[Data for this exercise — start]

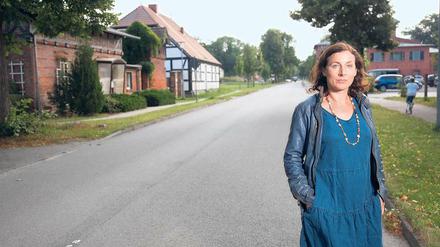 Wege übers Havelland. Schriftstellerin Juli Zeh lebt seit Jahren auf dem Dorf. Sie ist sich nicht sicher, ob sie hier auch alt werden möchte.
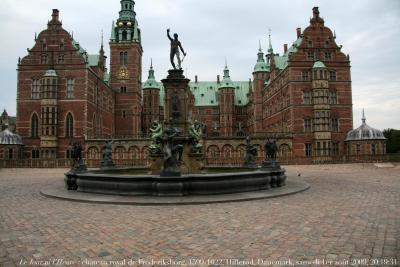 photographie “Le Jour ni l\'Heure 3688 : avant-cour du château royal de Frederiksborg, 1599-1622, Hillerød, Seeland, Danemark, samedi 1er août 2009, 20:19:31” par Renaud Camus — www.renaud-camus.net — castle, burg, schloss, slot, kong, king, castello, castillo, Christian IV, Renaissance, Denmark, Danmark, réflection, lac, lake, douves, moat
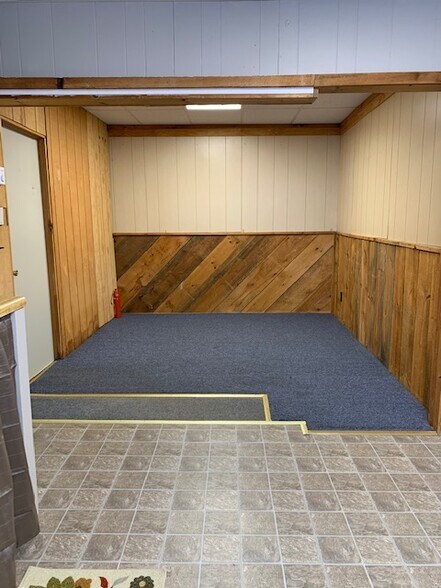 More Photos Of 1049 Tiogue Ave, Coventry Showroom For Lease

[Data for this exercise — finish]
[Data for this exercise — start]

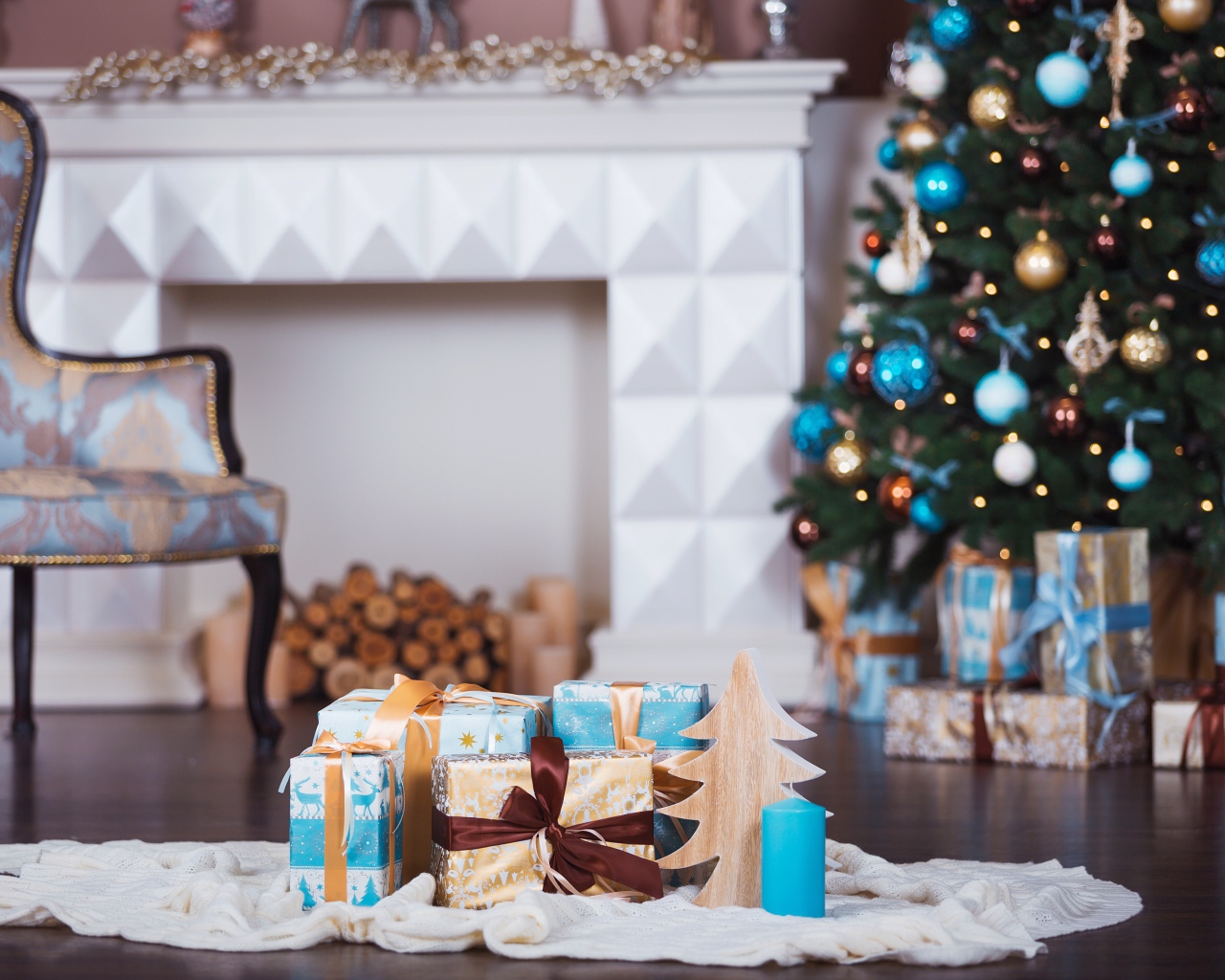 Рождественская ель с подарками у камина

[Data for this exercise — finish]
[Data for this exercise — start]

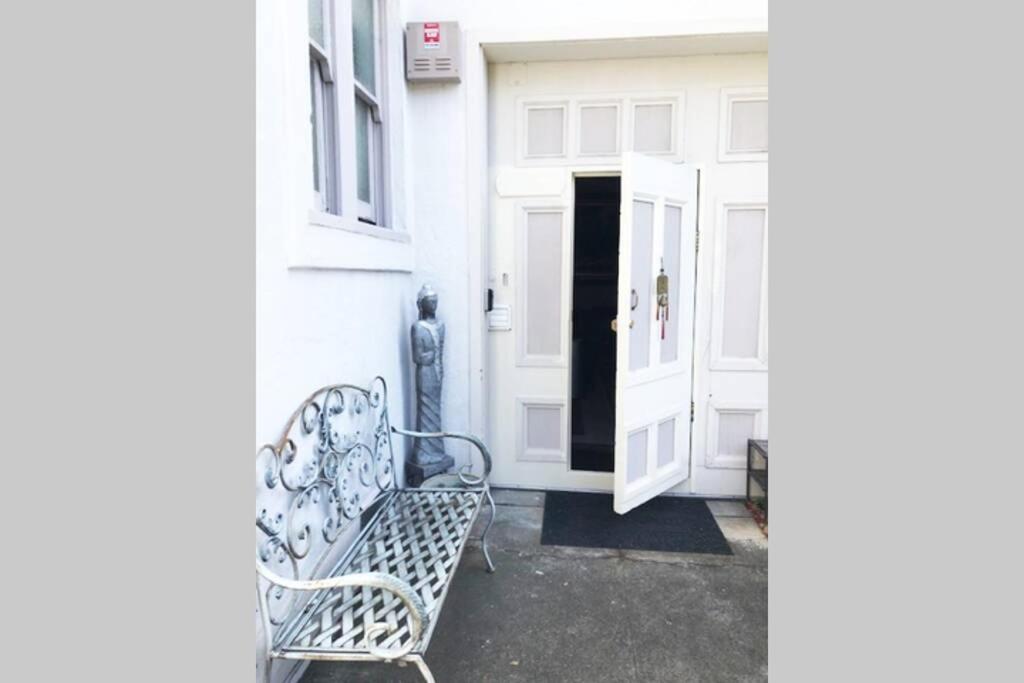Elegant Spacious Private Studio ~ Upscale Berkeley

[Data for this exercise — finish]

What you are asked to do: Drop the pictures; return the lines above from the line containing "Wege übers Havelland." to the line containing "More Photos Of", both included, exactly.

Exercise result:
 Wege übers Havelland. Schriftstellerin Juli Zeh lebt seit Jahren auf dem Dorf. Sie ist sich nicht sicher, ob sie hier auch alt werden möchte.
 photographie “Le Jour ni l\'Heure 3688 : avant-cour du château royal de Frederiksborg, 1599-1622, Hillerød, Seeland, Danemark, samedi 1er août 2009, 20:19:31” par Renaud Camus — www.renaud-camus.net — castle, burg, schloss, slot, kong, king, castello, castillo, Christian IV, Renaissance, Denmark, Danmark, réflection, lac, lake, douves, moat
 More Photos Of 1049 Tiogue Ave, Coventry Showroom For Lease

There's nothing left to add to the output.